His catalogue also includes art song, choral music, music for liturgical use, orchestral music, music, music for children, and chamber music.  Pluto, commissioned by percussionist Joseph Gramley and organist Clive Driskill-Smith had its premiere at the AGO National Convention in 2012.  He has made a specialty of working with found instruments, both in his own work and in workshops and seminars on the cultivation of aural creativity. He has worked with groups of all ages, from pre-school to college students and adults, with special interest in people who have had little formal musical training.  He has been a contributor to The Opera Quarterly (Oxford University Press) and has been an assistant editor for classical music at All Music Guide.

The University Record

Beauty can be heard everywhere, composer says

By Joanne Nesbit
News and Information Services

Stephen Eddins’ work gives a whole new meaning to the lyrics “Get out in that kitchen and rattle those pots and pans.” A doctoral student studying composition with Associate Professor of Music Michael Daugherty, Eddins divides his time between yard, garage and rummage sales and work in the music studio.

As a graduate instructor, Eddins encourages his students to hear beauty everywhere, especially in everyday objects. And to Eddins, those everyday objects include pots and pans, ceramic bowls, wine glasses, springs, brake drums, bolts and even metal roadside posts, from which he constructs chimes. His imagination just naturally turned to percussion sounds, Eddins says. He also writes for voices and traditional instruments. “The challenge for a composer is to combine these found sounds with conventional instruments to create new and unexpected sonorities.”

The sound of non-traditional instruments has fascinated Eddins for some time.
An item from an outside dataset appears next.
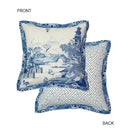 GobekUsa Blue Chinoiserie Home Pagoda Bolster Pillowcase 30x65 Luxury Cushion Cover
With degrees from Oberlin College and the University of Akron, Eddins took about 10 years away from music to serve in campus ministries. But his fascination for sounds and impulse to compose became irresistible. For the past year and a half, Eddins has been haunting Ann Arbor’s PTO Thrift Shop and the Kiwanis Rummage Sale searching for “sounds.” There he tests frying pans, lids and various-sized pots by tapping them with his fingers or knuckles and listening for the resulting tone. “I’ve probably been to every junk and scrap metal place in Ann Arbor,” the composer says. He was able to find all those resources by once again using his fingers to “walk through the Yellow Pages.”

Eddins shops for wine glasses from which he says various sounds and tones can be produced by stroking them with a bow, striking them, or rubbing their edges with wet fingers. The pitch elicited from the glasses can be varied by adding different amounts of fluid, Eddins says. Eddins prefers to compose for dancers, theater productions and poets rather than for the traditional concert hall, favoring what he calls the collaborative process. His recent projects include incidental music forHenry V and Sherlock Holmes produced by U-M’s Theater Department, and Paranoia: A Psycho Opera produced by the students in the School of Music.